*** SUPPLIED ENTRIES

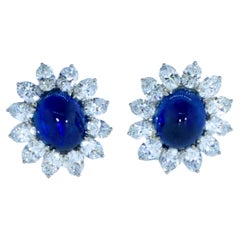 Certified Natural Sapphires, weighing 16.77cts & Fine Diamond Vintage Earrings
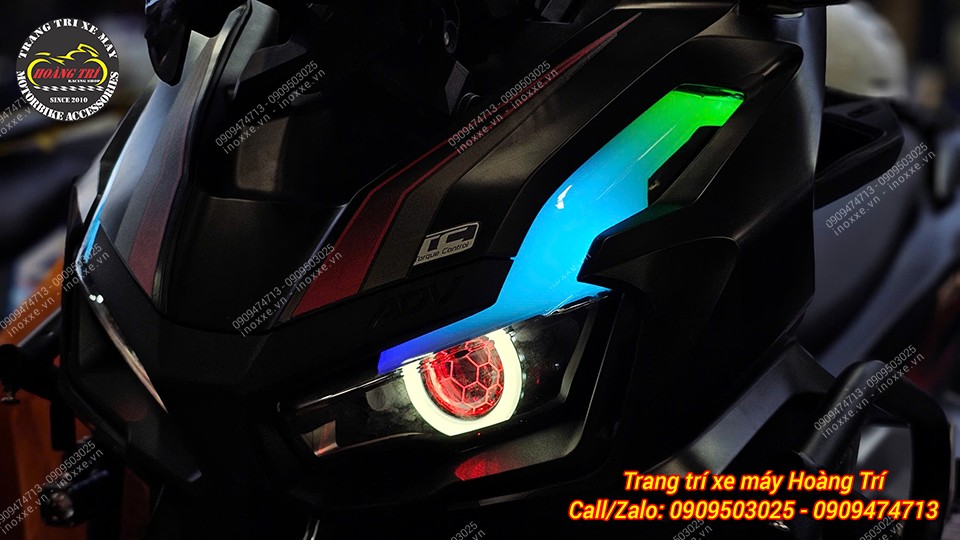 Cụm đèn bi cầu Shark Power cho xe ADV 150/ADV 160 tích hợp Led Audi chỉnh màu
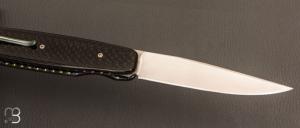    Couteau " Oval " custom par Des Horn - Fibre de carbone et lame en Nitrobe77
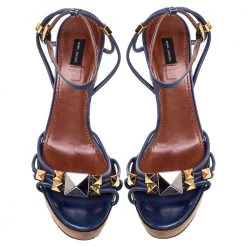 Marc Jacobs Blue Leather Strappy Ankle Strap Platform Sandals Size 40 For Women -Cheap Marc Jacobs Store luxury women marc jacobs used shoes p352589 003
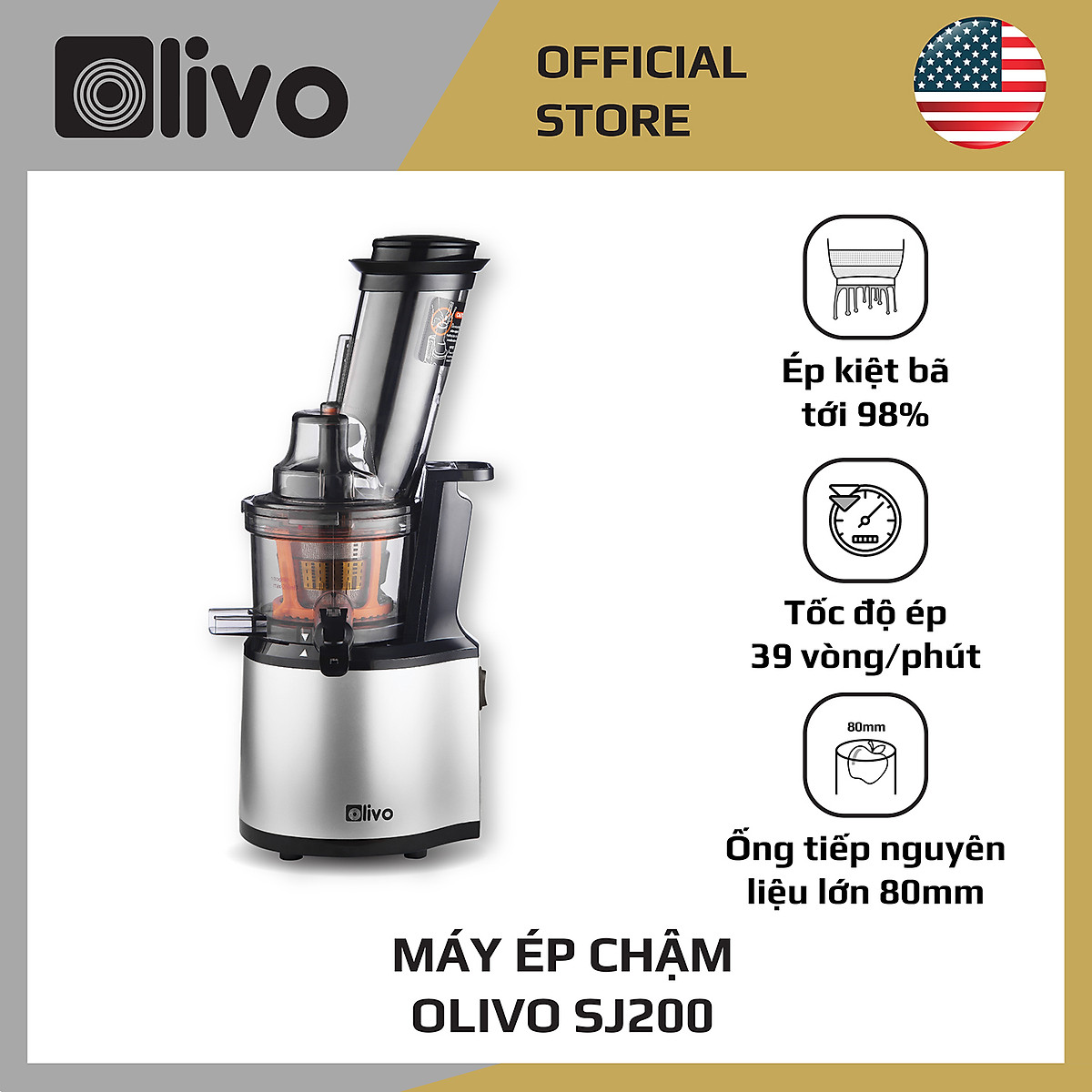 Máy Ép Chậm OLIVO SJ200 Đa Năng  Ép Kiệt Bã 98% - Tốc Độ Chậm 39 vòng/phút - Dễ Vệ Sinh - Thương Hiệu Mỹ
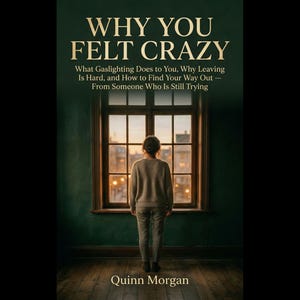 May include: Book cover with the title "WHY YOU FELT CRAZY" in gold lettering. The cover features a person looking out a window. The text below the title reads "What Gaslighting Does to You, Why Leaving Is Hard, and How to Find Your Way Out - From Someone Who Is Still Trying".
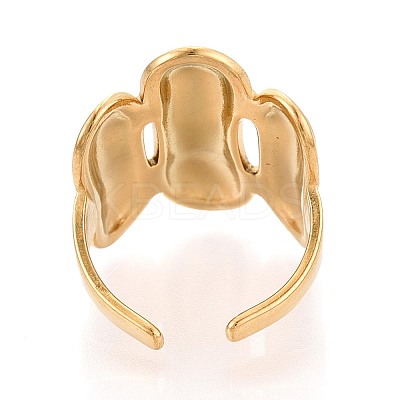 Adjustable Ion Plating(IP) 304 Stainless Steel Cuff Rings for Women RJEW-N052-10G-1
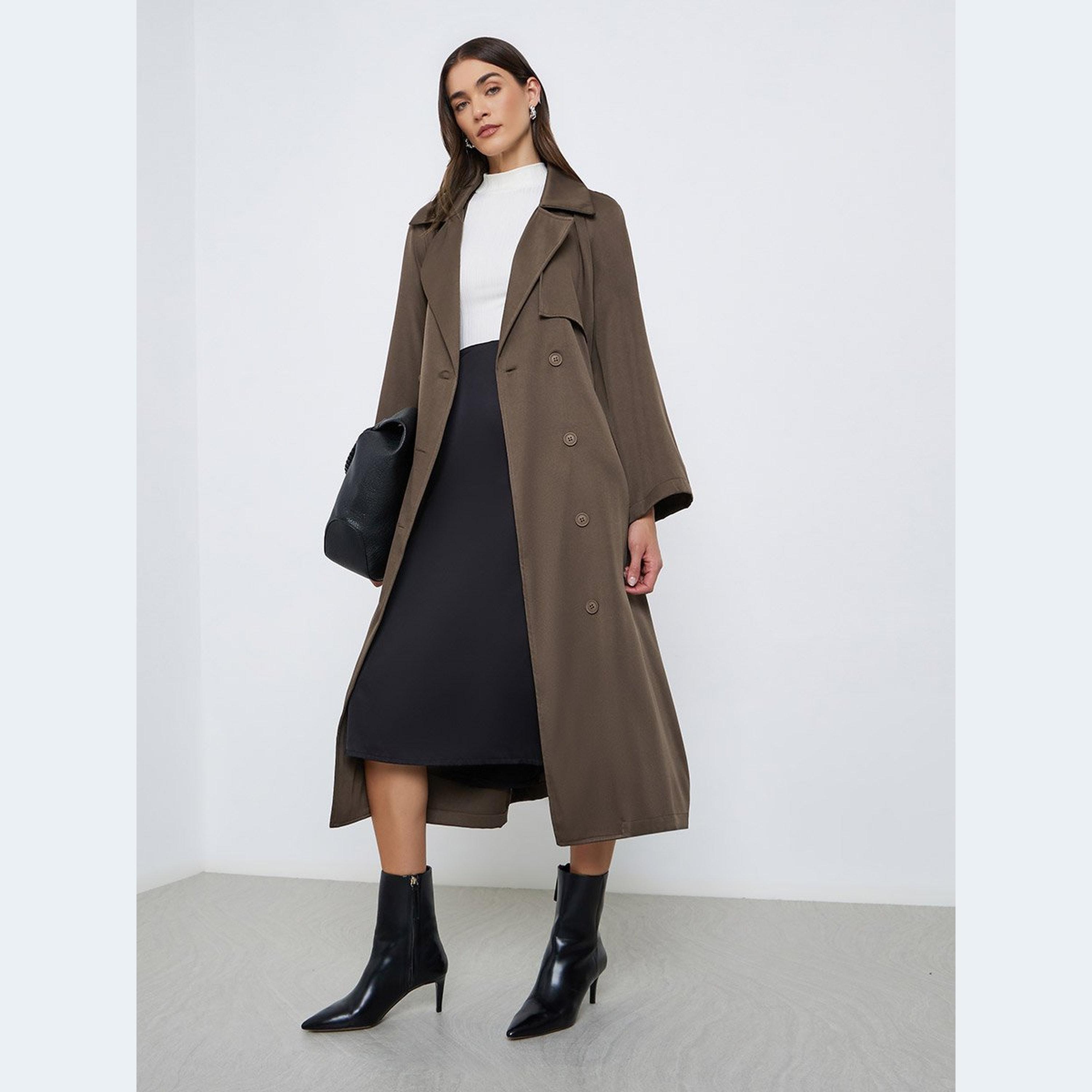 Styli Brown Regular Fit Midi Trench Coat-women-clothing-coatsandjackets-coats-image-1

******

### [TASK]
In the answer, repeat exactly the lines from the top of the entries above through the line with "lame en Nitrobe77", and leave pictures out of it.

### [ANSWER]
 Certified Natural Sapphires, weighing 16.77cts & Fine Diamond Vintage Earrings
 Cụm đèn bi cầu Shark Power cho xe ADV 150/ADV 160 tích hợp Led Audi chỉnh màu
    Couteau " Oval " custom par Des Horn - Fibre de carbone et lame en Nitrobe77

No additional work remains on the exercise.